DIRECTIONS:
Transcribe the data below verbatim from the line with "Modern Set of" to the line with "Blue Vase Pink Flowers Posters and Art". Include both of those lines.

EXTRACTED INFORMATION:
Content starts

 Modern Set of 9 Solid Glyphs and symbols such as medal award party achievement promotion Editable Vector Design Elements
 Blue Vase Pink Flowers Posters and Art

Content ends
Content starts

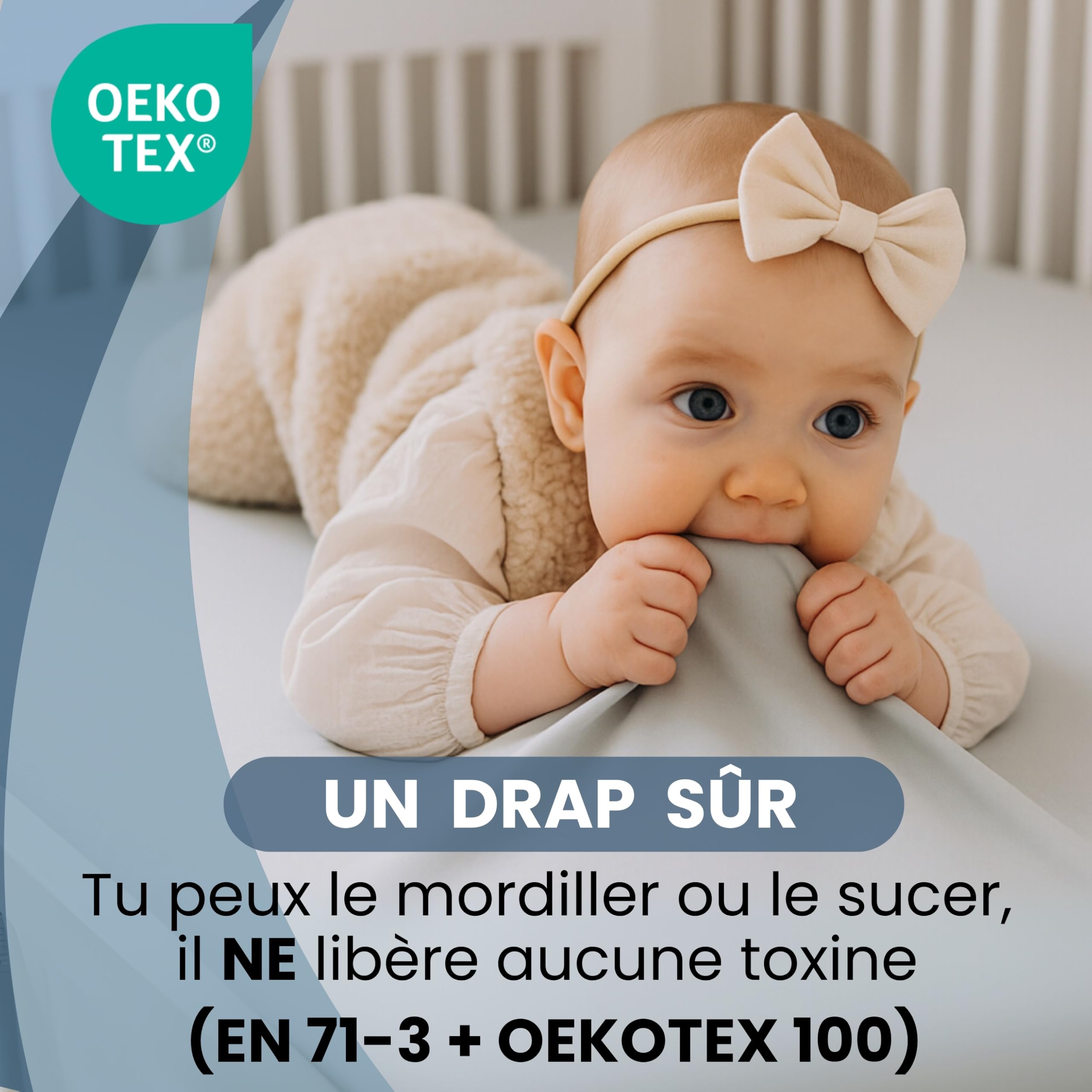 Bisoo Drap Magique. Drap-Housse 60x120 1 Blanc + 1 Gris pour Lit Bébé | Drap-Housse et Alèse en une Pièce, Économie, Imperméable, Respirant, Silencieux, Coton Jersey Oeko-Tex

Content ends

RESULT FOR THIS EXERCISE:
 Modern Set of 9 Solid Glyphs and symbols such as medal award party achievement promotion Editable Vector Design Elements
 Blue Vase Pink Flowers Posters and Art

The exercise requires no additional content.